**EXERCISE**
Leave every picture out, and give again exactly the lines from the one containing "#LTKStyleTip #LTKSeasonal" through the end of the listing.

[PROVIDED MATERIAL — start]

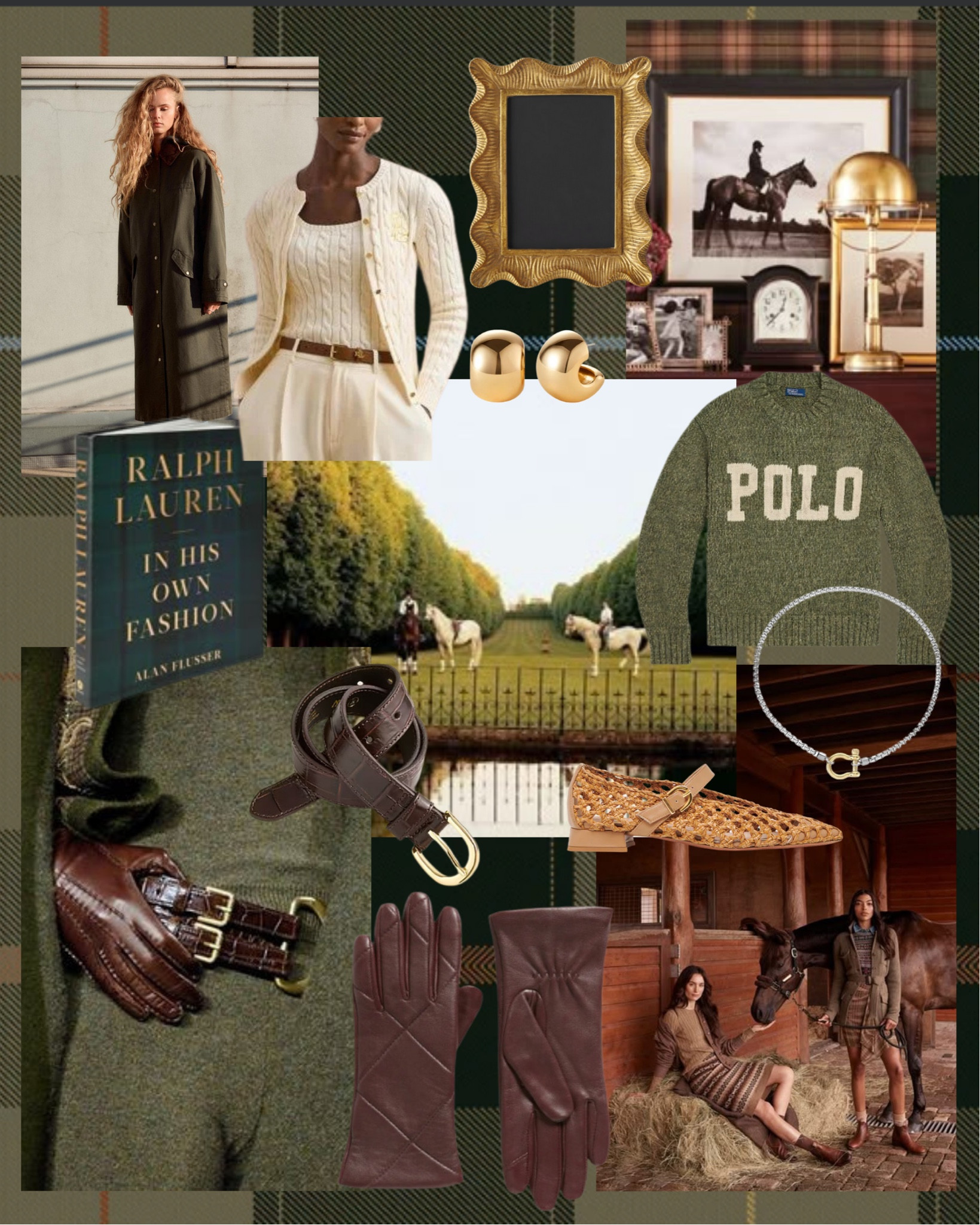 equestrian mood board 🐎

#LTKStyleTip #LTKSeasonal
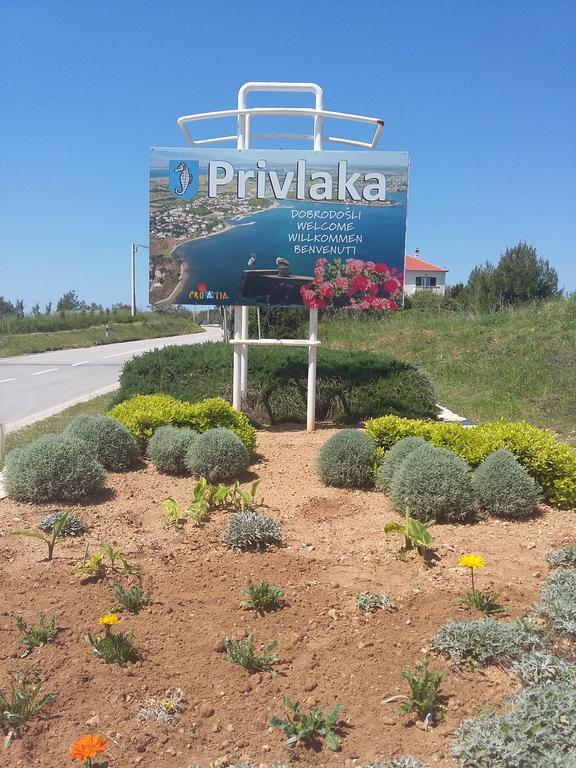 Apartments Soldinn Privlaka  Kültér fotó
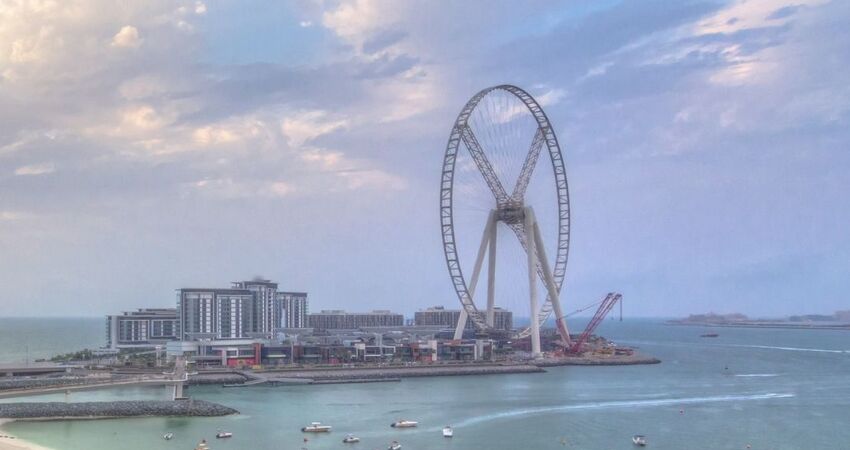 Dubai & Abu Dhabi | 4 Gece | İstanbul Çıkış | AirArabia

[PROVIDED MATERIAL — finish]

**TASK OUTPUT**
#LTKStyleTip #LTKSeasonal
 Apartments Soldinn Privlaka  Kültér fotó
 Dubai & Abu Dhabi | 4 Gece | İstanbul Çıkış | AirArabia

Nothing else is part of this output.